August 2, 2013 — Who owns taxpayer-funded science? From the way many scientists behave, it's not the taxpayers.
Many scientific studies funded by federal agencies – through grants, contracts, or cooperative agreements, particularly those used to justify the most horrendous regulations – hide the guts of the science.
What the scientists keep secret is the raw data they obtain in the real world and the methods they use to interpret it, as if those were personal possessions.
Independent scientist Rob Roy Ramey told me of an extreme example: "A researcher tracked endangered desert bighorn sheep with government GPS radio collars to record precise animal locations for wildlife rangers.
"He then reset the access codes so only he could download the data remotely, and refused to surrender the codes. So California Fish and Game had to track down and net-gun the bighorns from a helicopter in order to manually download the collar data, costing a fortune and endangering both animals and people."
Agency "science" frequently isn't about data collection at all, but instead is a "literature search," with researchers in a library selecting papers and reports by others that merely summarize results and give opinions of the actual scientists.

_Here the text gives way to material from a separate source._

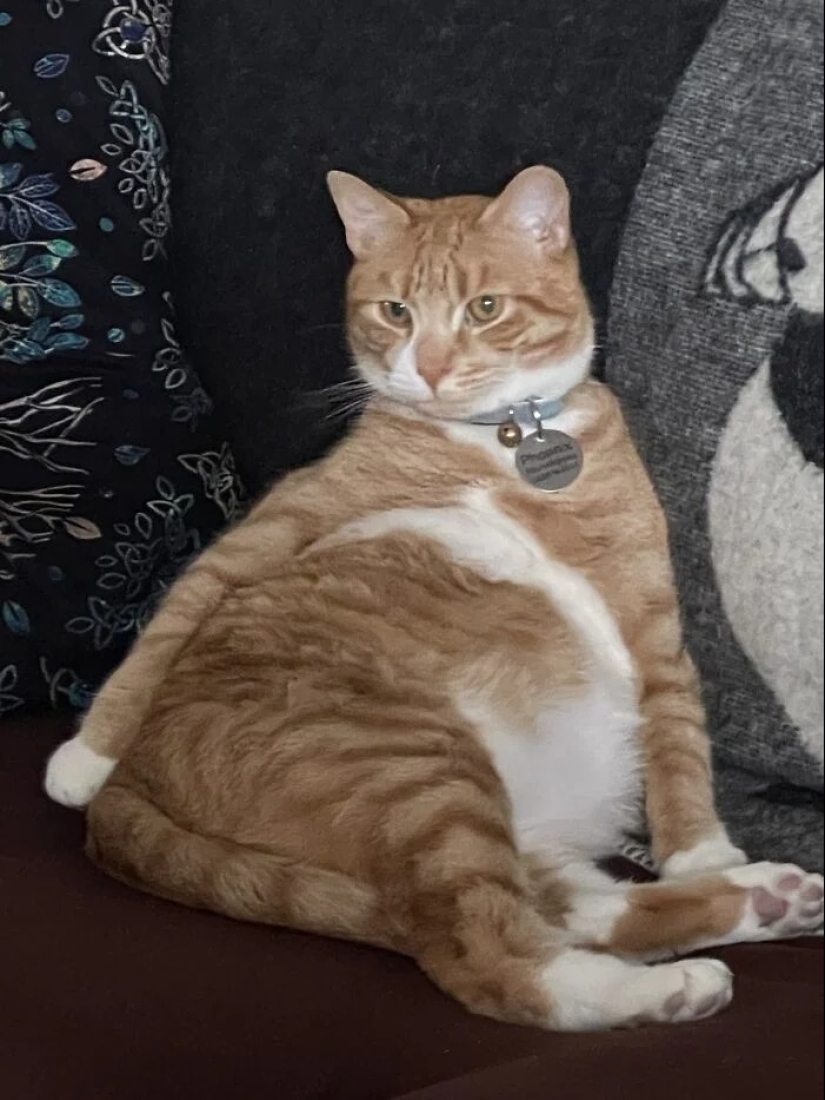 "Adventurous kitty is looking for a couple..." — profiles of cats on dating sites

These agency researchers never even see the underlying data, much less collect it in the field. The agency then holds up those second-hand opinions as if they had rigorously tested them against the data. Using this unscrupulous tactic, you can cherry-pick the literature to make any case you want.
With so many federal reports containing no data, only conclusions put forth by another scientist, there is no way to debate, debunk or disprove the underlying facts, even requiring court orders to track down and disclose them if Freedom of Information Act requests are denied, which they frequently are (legally or otherwise).